== INSTRUCTIONS FOR THE TASK ==
Repeat the listing word for word. No pictures belong in the copy.

*** Opening DATASET EXCERPT ***

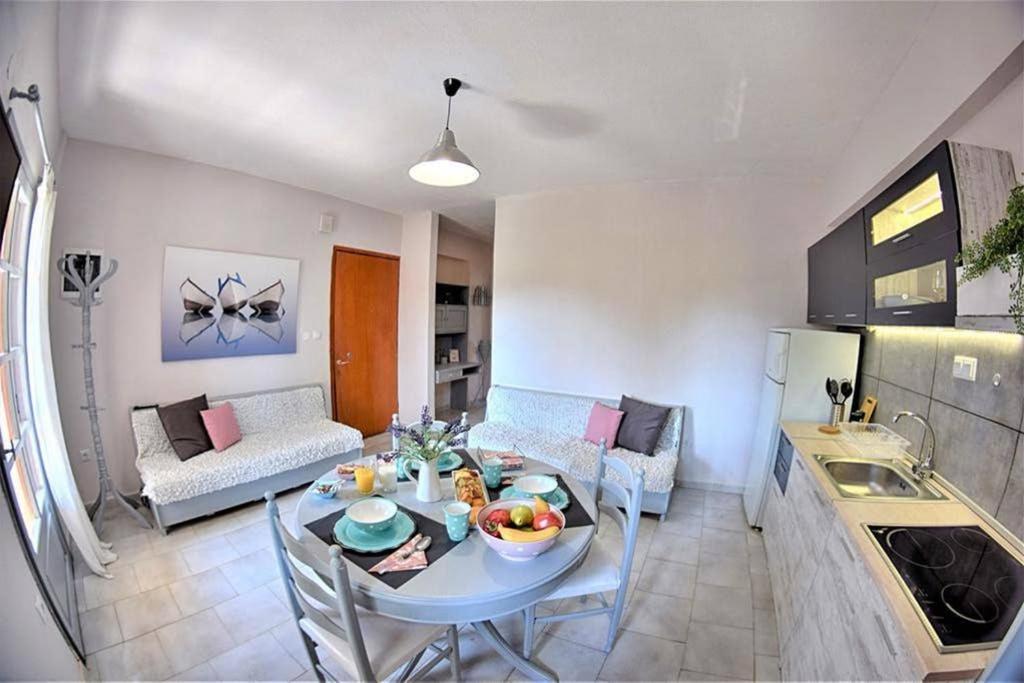 Calma Luxury Apartments #4 Sozopoli In Halkidiki Екстер'єр фото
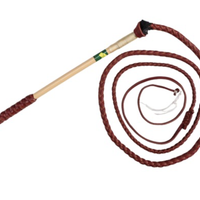 Nemeth Redhide Stockwhip - 4 Plait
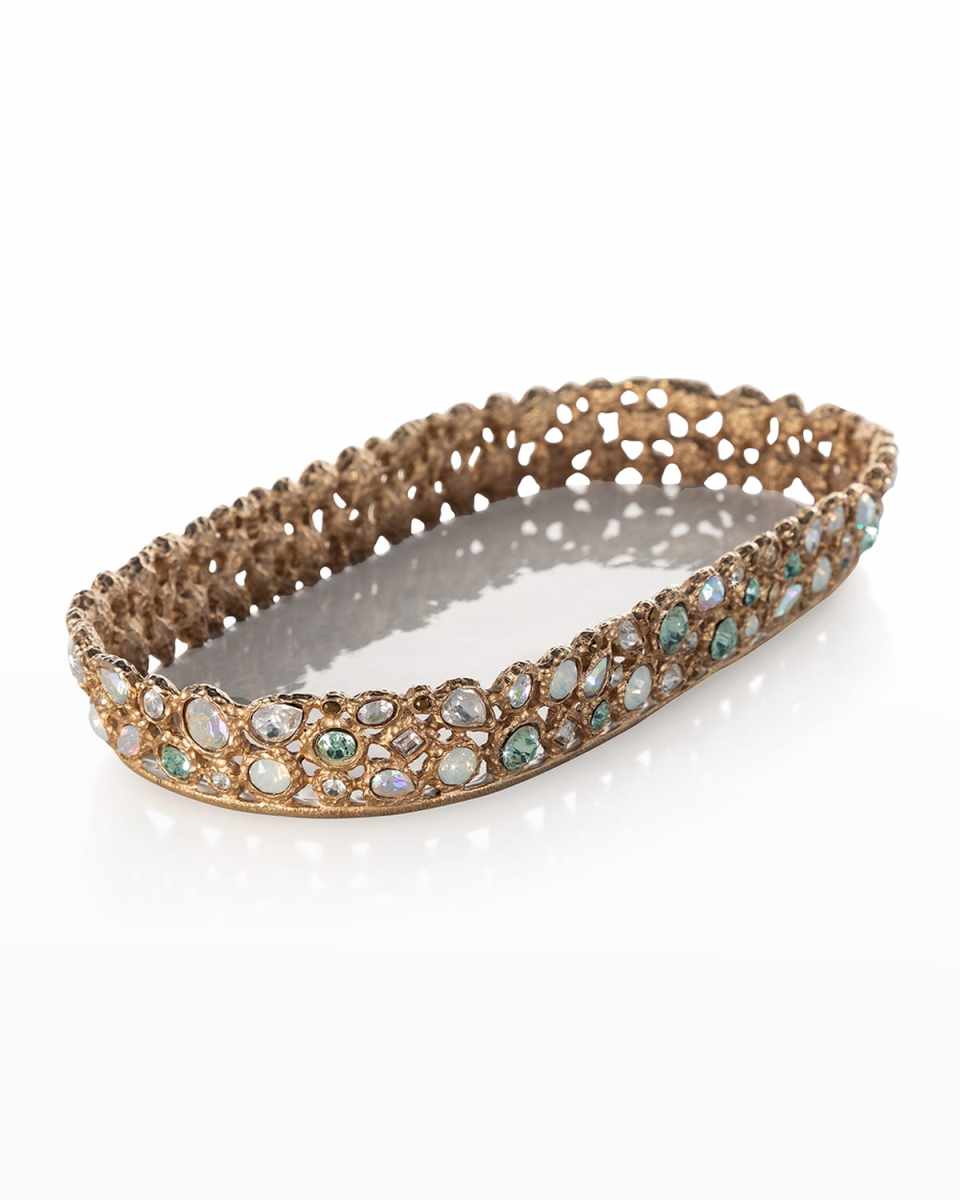 Opal Bejeweled Tray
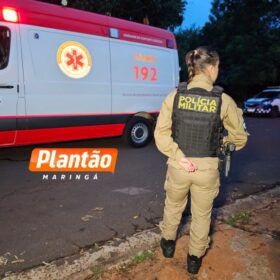 Mulher é agredida a coronhadas pelo ex e socorrida com suspeita de traumatismo craniano em Maringá Foto 6 Fotos de Mulher é agredida a coronhadas pelo ex e socorrida com suspeita de traumatismo craniano em Maringá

*** Closing DATASET EXCERPT ***

== TASK SOLUTION ==
 Calma Luxury Apartments #4 Sozopoli In Halkidiki Екстер'єр фото
 Nemeth Redhide Stockwhip - 4 Plait
 Opal Bejeweled Tray
 Mulher é agredida a coronhadas pelo ex e socorrida com suspeita de traumatismo craniano em Maringá Foto 6 Fotos de Mulher é agredida a coronhadas pelo ex e socorrida com suspeita de traumatismo craniano em Maringá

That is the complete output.